I agree with most of the above


----------



## aussietrail (Sep 24, 2004)

*X-Trail Wish List*

Ok Guys, above was my short "wish" about the X-Trail.

If you wanna see the consolidated wish list which the Australian X-Trail Forum put together and which I have sent to Nissan Japan, then download it from HERE 

I'm still waiting for a response LOL


----------



## x-toba (Jan 6, 2006)

*All good ones!*

I agree with all of them. The window switches not lighting up at night is definitely annoying, however I got my Xy last month and in a Canadian prairie winter there isn't much use to opening your windows! I'd like a power outlet in the arm rest so I can charge the cell while the outlet in the dash compartment is running my iPod. 

At first I wasn't sure on the centre dash gauges but it's really growing on me. It's great to be able to hold the wheel anywhere and still see how what your speed is.

I also don't like how when you unlock the doors, the hatch unlocks as well. It's a double edge sword though, because if you're loading gear and closing it each time it's nice to not have to keep unlocking it.

The interior heats up relatively fast and will get hot if you don't dial it down.


----------



## Kungpow (Aug 26, 2005)

Yes. A lack of illumination on the power locks is a bit of an annoyance but I've learned to adjust to that.

I also find myself scratching up the driver side door with my watch when I go to reach for the release lever for the gas cap. I guess it depends on how the seat is positioned, but I find I have little space between the door and seat to allow my arm reach for the lever.

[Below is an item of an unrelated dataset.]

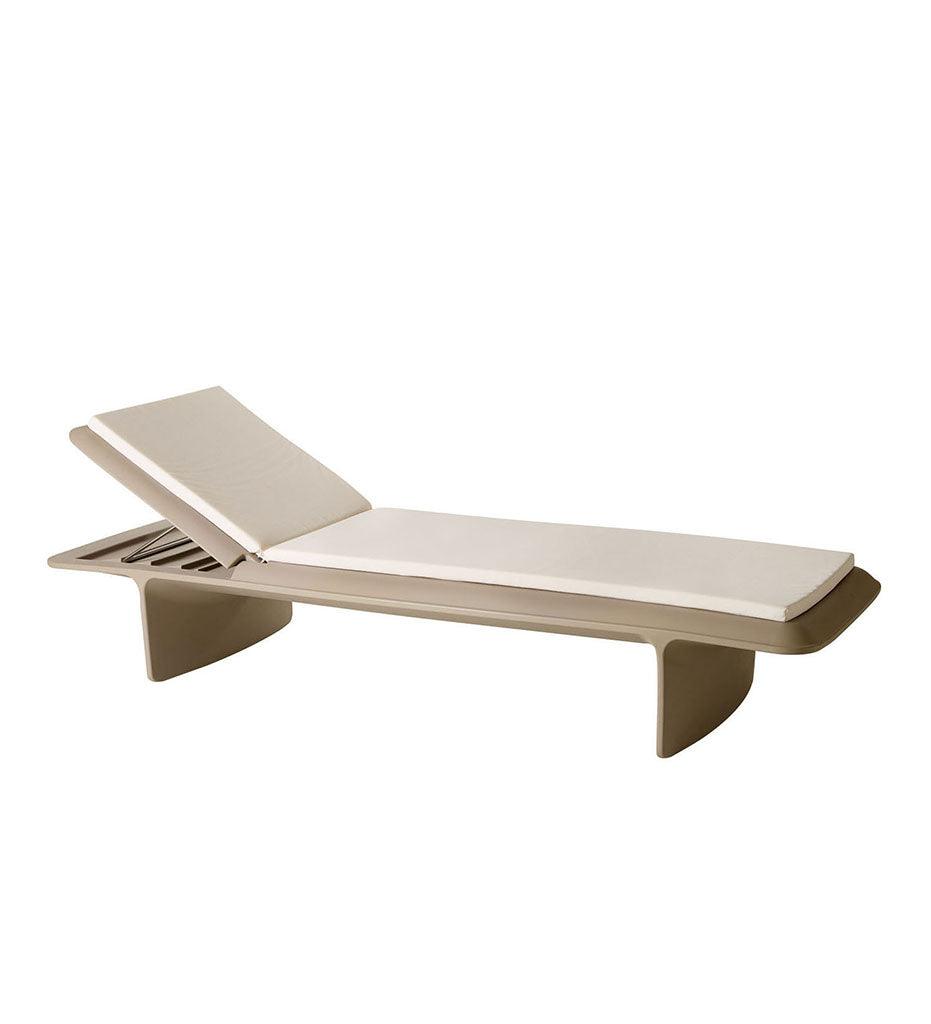 Allred Collaborative - Slide - Ponente Sun Lounger - Ponente Sun Lounger - SD PON200T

Separate map lights for driver and passenger side would also be nice. My old Aries K-car had a swivel map light built into the passenger visor. I really miss that. My wife could always direct the light away from the driver side if was reading a map or something. 

A lighted glove compartment would also be a bonus.


----------



## mike dockal (Dec 20, 2004)

Oh yeah, I forgot the headrests - way too far in the back (this could work well in combination with helmet


----------



## Fuzzo (Jan 12, 2006)

x-toba said:


> \
> 3. Arm rest not long or high enough


you guys are lucky... i don't even have an armrest to complain about


----------



## Pianoman (Jul 14, 2005)

*Engine ingesting butterfly screw*

I had the same problem, what did Nissan do to fix the problem.


----------



## Pianoman (Jul 14, 2005)

*Engine ingesting butterfly screw.*

Terranismo:

For what it is worth, I have had similar problems with my 2005 X-Trail including the butterfly screw.....this is the one that bothers me the most. I would be interested in hearing what Nissan did to fix your ingestion problem.

Your response would be appreciated. 

Regards,

Pianoman  



Terranismo said:


> Nags:
> 
> 1. Interior quality and workmanship (includes rattles/squeaks and fading panels)
> 2. Seat upholstery.
> ...


----------



## Terranismo (Aug 31, 2004)

Pianoman:

Nissan shipped me a brand new longblock under warranty. I'm still going to manually tighten the butterfly screws with loctite after the new engine passes its break-in period.


----------